Back to Vllm

vLLM Mock Engine

rust/src/mock-engine/README.md

0.23.02.4 KB
Original Source

vLLM Mock Engine

vllm-mock-engine is a small engine-side process for frontend stress testing. It joins a frontend-owned startup handshake, reports a large ready response, treats prefill as instant, and emits random decode tokens until each request reaches its max_tokens.

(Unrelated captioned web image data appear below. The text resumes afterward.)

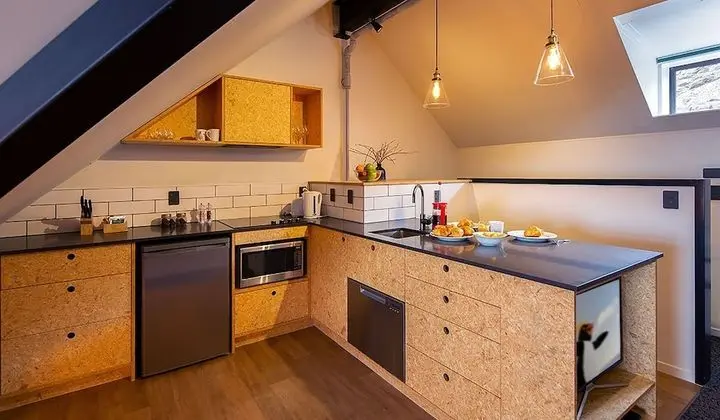 Stüdyo, Dağ Manzaralı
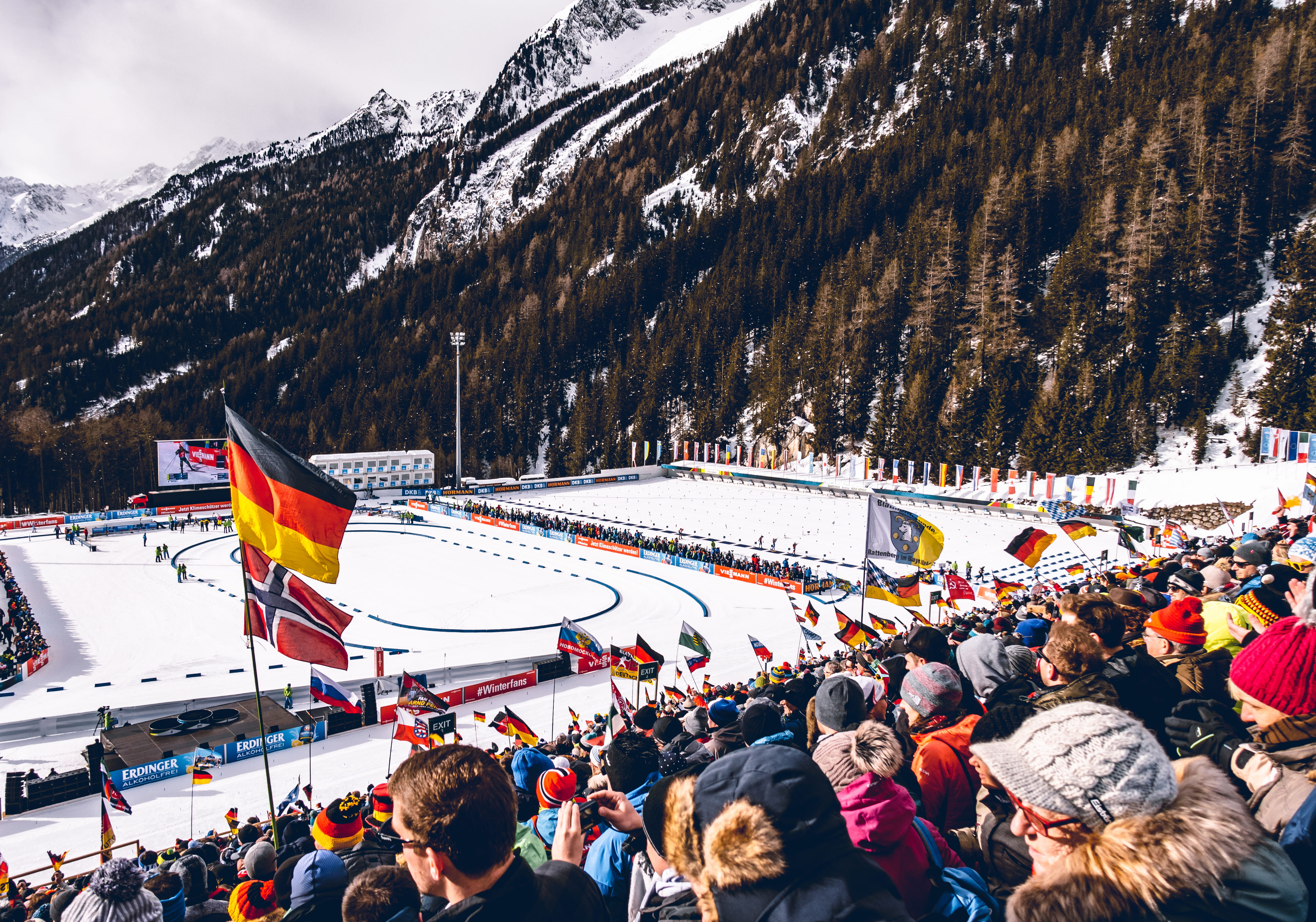 men, audience, day, race, antholz, beauty in nature, human, building, cold temperature, winter sport, südtirol arena, piste, mountain, leisure activity, HD Wallpaper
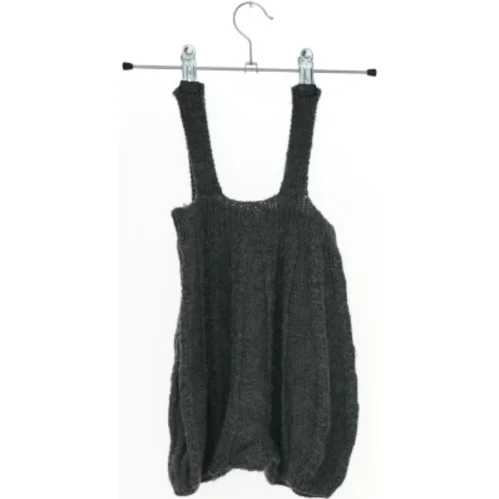 Strikket heldragt/ballonbukser med seler (str. 68)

The frontend must own the handshake socket. Start the frontend first, then start the mock engine with the same handshake address.

Start the mock engine

bash
cargo run -p vllm-mock-engine -- \
  --handshake-address tcp://127.0.0.1:29550 \
  --engine-count 1 \
  --output-token-chunk-size 1 \
  --vocab-size 32000 \
  --seed 0 \
  --log-requests

Useful knobs:

  • --engine-count must match the frontend's expected data-parallel engine count.
  • --output-token-chunk-size controls how many token IDs appear in one EngineCoreOutput; values greater than 1 are useful for MTP/spec-decode shaped frontend tests.
  • --vocab-size should stay within the tokenizer vocabulary of the model used by the frontend.

Stop it with Ctrl-C.

Rust Frontend

Terminal 1:

bash
cargo run --bin vllm-rs -- serve Qwen/Qwen3-0.6B \
  --data-parallel-size 1 \
  --data-parallel-size-local 0 \
  --handshake-port 29550

Terminal 2:

bash
cargo run -p vllm-mock-engine -- \
  --handshake-address tcp://127.0.0.1:29550

For multiple mock engines, set both sides to the same count:

bash
cargo run --bin vllm-rs -- serve Qwen/Qwen3-0.6B \
  --data-parallel-size 4 \
  --data-parallel-size-local 0 \
  --handshake-port 29550

cargo run -p vllm-mock-engine -- \
  --handshake-address tcp://127.0.0.1:29550 \
  --engine-count 4

Python Frontend

Use vllm serve with --data-parallel-size-local 0 so the Python process runs as a frontend/API server and waits for external engines on --data-parallel-rpc-port.

Terminal 1:

bash
vllm serve Qwen/Qwen3-0.6B \
  --data-parallel-address 127.0.0.1 \
  --data-parallel-rpc-port 29550 \
  --data-parallel-size 1 \
  --data-parallel-size-local 0

Terminal 2:

bash
cargo run -p vllm-mock-engine -- \
  --handshake-address tcp://127.0.0.1:29550

Smoke Request

After either frontend is ready:

bash
curl http://127.0.0.1:8000/v1/chat/completions \
  -H "Content-Type: application/json" \
  -d '{
    "model": "Qwen/Qwen3-0.6B",
    "messages": [{"role": "user", "content": "hello"}],
    "max_tokens": 16,
    "stream": true
  }'

Always pass max_tokens; the mock engine stops by length.